Qu'arrive-t-il aux "dublinés" ?
Dans le jargon en vigueur dans les milieux au contact avec les migrants, en France, on surnomme "dublinés", ceux qui sont présents en France, mais dont la demande d'asile est de la responsabilité d'un autre État. En théorie, ils doivent être renvoyés dans le pays où ils ont été enregistrés. Dans les faits, très peu d'entre eux le sont. Pour renvoyer un demandeur d'asile, la France doit déposer une demande au pays d'entrée. Celui-ci ne va pas s'empresser d'accéder à la requête. Cela peut prendre des semaines, voire des mois. Dans certains cas, la France a renvoyé des demandeurs d'asile du centre de rétention de Coquelle, à Calais, vers la Belgique, où leurs empreintes avaient été relevées. "Vous pouvez imaginer qu'ils ne tardent pas à revenir à Calais".
Quelle réforme ?
La Commission européenne travaille à une refonte du règlement de Dublin. "On ne connait pas encore la teneur de leurs propositions. L'une des options envisagée, précise Yves Pascouau, serait de s'inspirer du modèle adopté en mai 2015." Après une série de naufrages meurtriers, la Commission avait proposé des quotas pour relocaliser des migrants. Ces quotas devaient être calculés en fonction de critères tels que la taille du pays, son PIB, son taux de chômage et l'effort déjà consenti pour l'accueil des réfugiés. A l'époque, la proposition de Bruxelles avait suscité beaucoup de réticences pour la répartition de ... 40 000 migrants.
Les pays d'Europe de l'Est et le Royaume-Uni sont les plus farouches opposants à une révision du règlement de Dublin. Londres a déjà annoncé, souligne le Guardian, qu'il se réservait d'exercer son droit d'exemption (opt-out). Cette question est l'un des enjeux sur lesquels s'appuie d'ailleurs David Cameron pour exiger des réformes de l'Union européenne afin de désamorcer les tentatives de Brexit (sortie de l'UE) de ses compatriotes, alors qu'un référendum est prévu cette année outre-Manche.
Le projet de réforme de Dublin de la Commission doit être présenté en mars.
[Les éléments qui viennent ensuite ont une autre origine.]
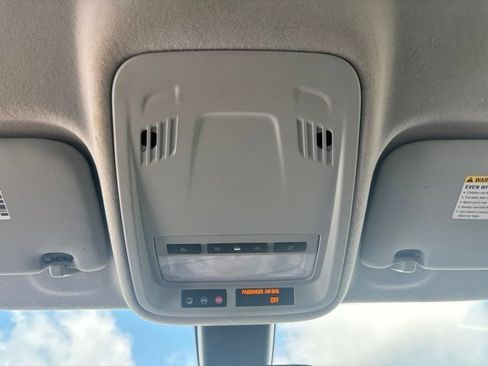 Used 2019 Chevrolet Cruze LT FWD image 23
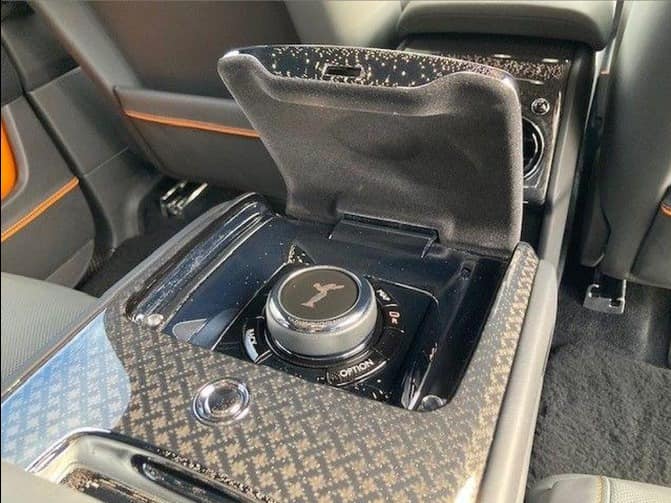 Rolls-Royce Cullinan Black Badge 2023 - Image 22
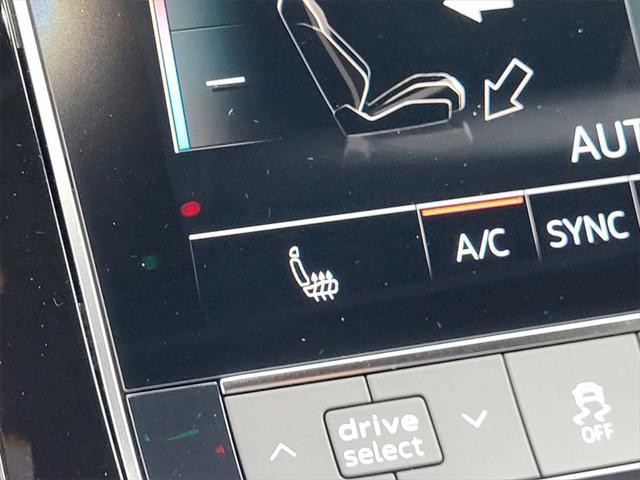 Photo of 2025 Mythos Black Metallic Audi Q7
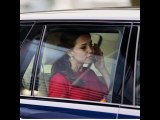 PHOTOS – Kate Middleton, Charlene de Monaco… Quand les stars du gotha craquent en...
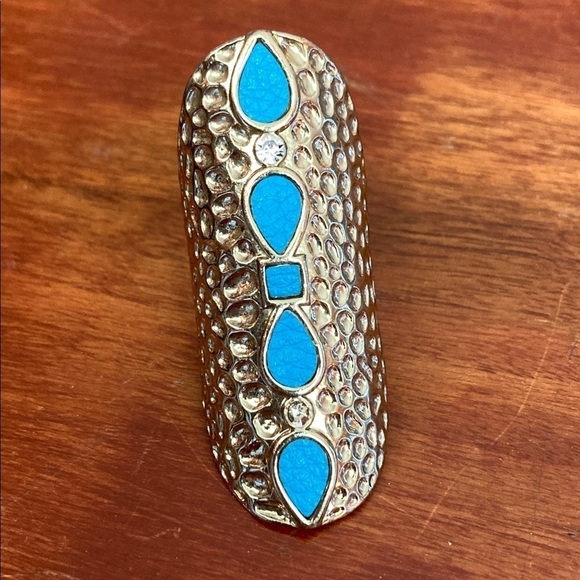 Woman’s Gold Tone and Leather Inserted Turquoise Coloured Pieces Finger Ring - Picture 1 of 5
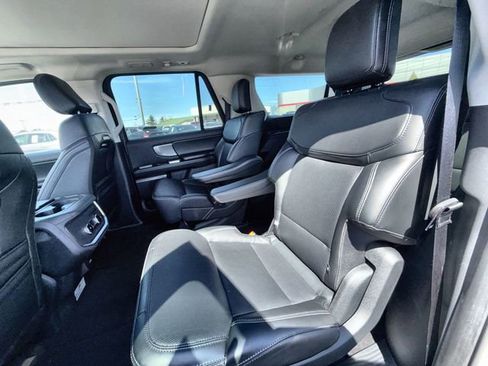 Used 2025 Ford Expedition Max Platinum AWD/4WD image 23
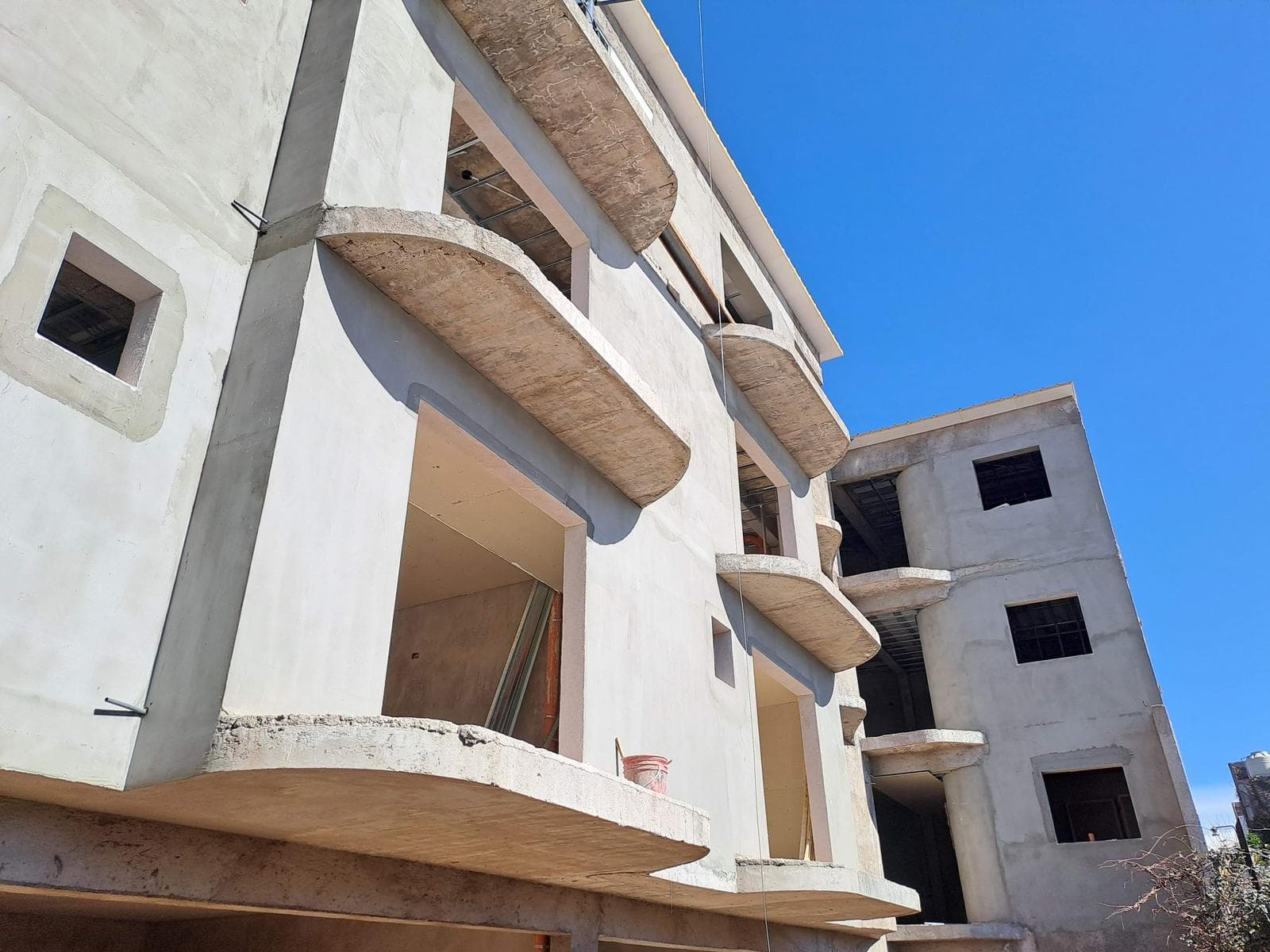 FOR SALE - AIRBNB-APPROVED APARTMENT - GREEN WAVE - FINANCING AVAILABLE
Dans tous les cas, le processus sera long, souligne Yves Pascuau, puisqu'il devra passer par le Conseil des ministres et le Parlement. "Au mieux des mois, au pire des années."
Menace sur Schengen?
Si les Européens ne parviennent pas à se mettre d'accord pour réformer les règles de Dublin, c'est l'espace Schengen qui pourrait être remis en cause, avertissent certains: l'UE "est en mesure de gérer [le flux de migrants] si elle le fait en commun et si elle reconnaît que les règles imaginées il y a un quart de siècle ne sont plus adaptées face aux flux d'aujourd'hui", a déclaré, il y a quelques jours le ministre italien des Affaires étrangères Paolo Gentiloni. "Préserver l'accord de Schengen est crucial", a abondé depuis Davos Mark Rutte, le Premier ministre néerlandais, jeudi. Et plutôt que de songer à " tuer Schengen, a-t-il poursuivi, il faut faire marcher Dublin ".
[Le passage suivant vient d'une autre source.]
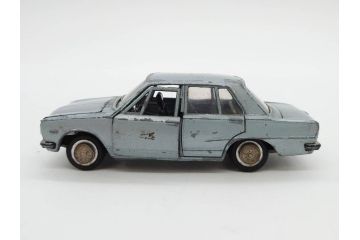 当時物　NISSAN　TOMICA　YONEZAWA TOYS　DIAPET　ダイヤペット　クラウン　セドリック　カスタムシックス　プリンスグロリア　スカイライン　2000GT　ニューブルーバード　EX7　ミニカー8点セット(ヨネザワ、トミカ、CROWN、170、145、119、180、171、TOYOTA、トヨタ、SEDRIC CUSTOM SIX、日産、82、31、車)(R-081686)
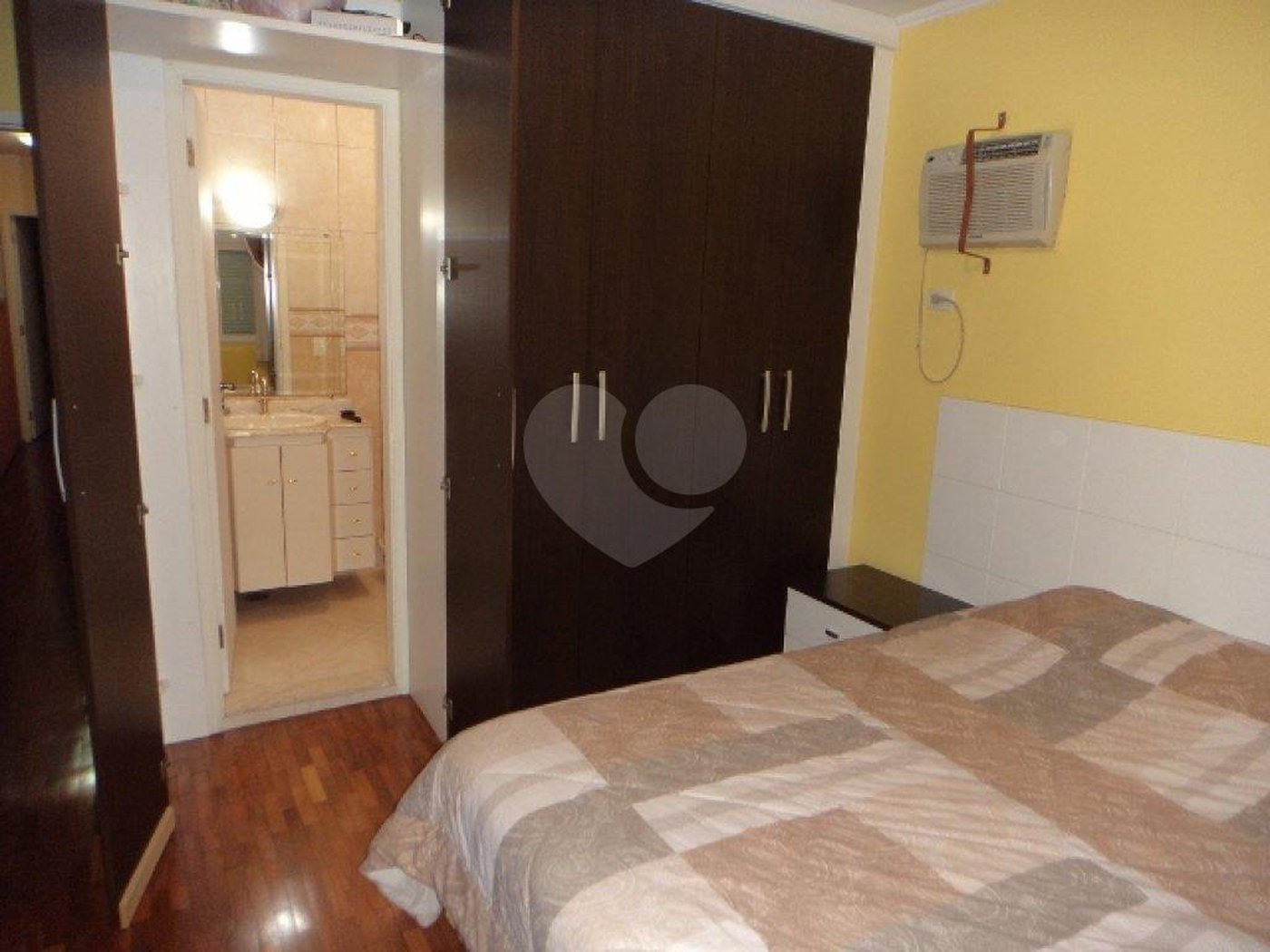 Sobrado à venda com 3 quartos, sendo 1 suíte, em Vila Guilherme, São Paulo, SP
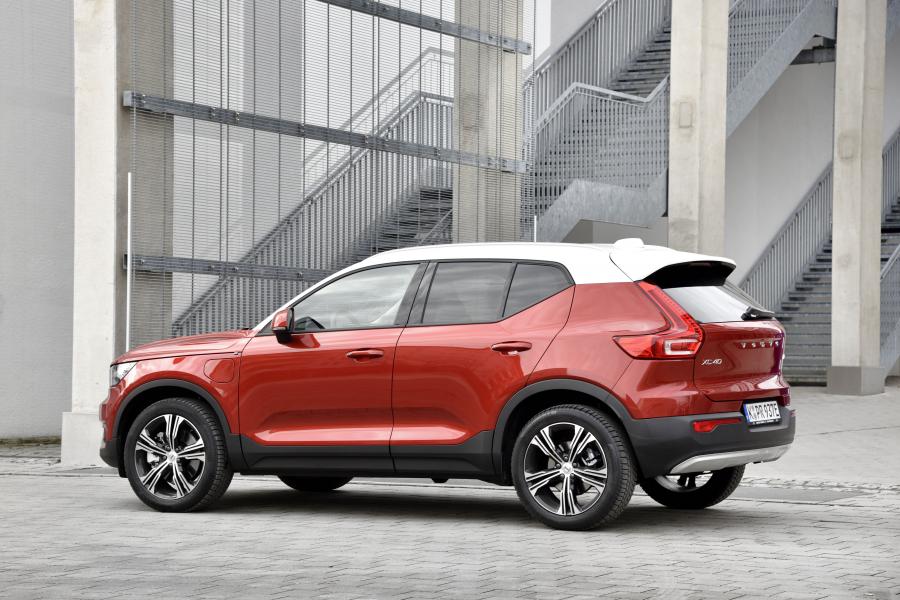  Volvo XC40 T5 Plug-in Hybrid 2019 года  (WW) (фото 10 из 24)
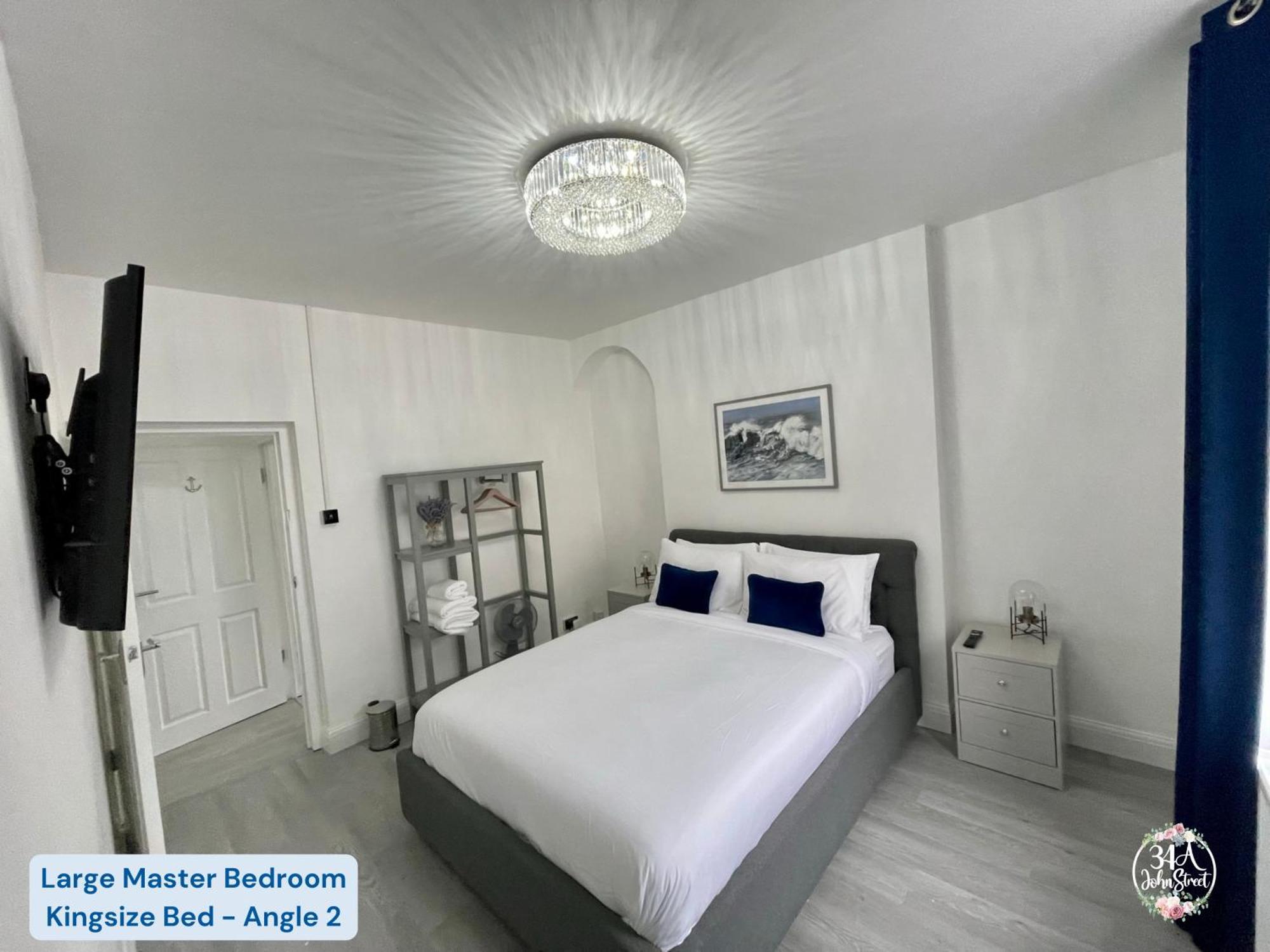 Ocean Escape 200m From The Sea, High Spec Town Centre Entire Flat, 3 Bedrooms, Tvs Porthcawl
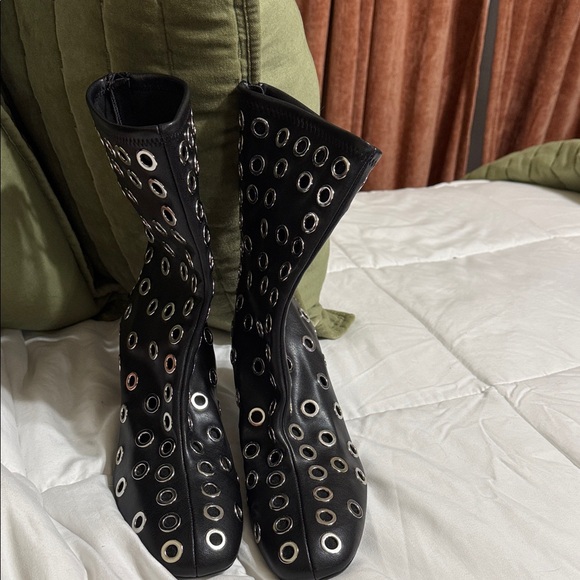 Zara Black Metal Grommet Heeled Ankle Boots. - Picture 4 of 8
En effet, puisque Dublin fait surtout porter la charge sur les pays du Sud, "ces derniers ne sont plus en capacité et n'ont plus la volonté d'appliquer les règles de Schengen", décrypte Yves Pascouau, c'est-à-dire le contrôle aux frontières, l'identification, l'enregistrement. Si on laissait les choses en l'état, le principe de libre circulation, l'un des piliers de l'UE, serait menacé. "La crise a clairement démontré qu'il existe un lien consubstantiel entre Schengen, les règles relatives à l'entrée dans l'UE, et Dublin, ajoute Yves Pascouau. Tout le monde est désormais d'accord pour considérer que ces deux éléments sont liés, alors qu'ils ont été traités isolément depuis des années." "Au printemps, les migrations de masse vers l'Europe vont recommencer, prédit le chef du gouvernement néerlandais. Il y a urgence à réagir.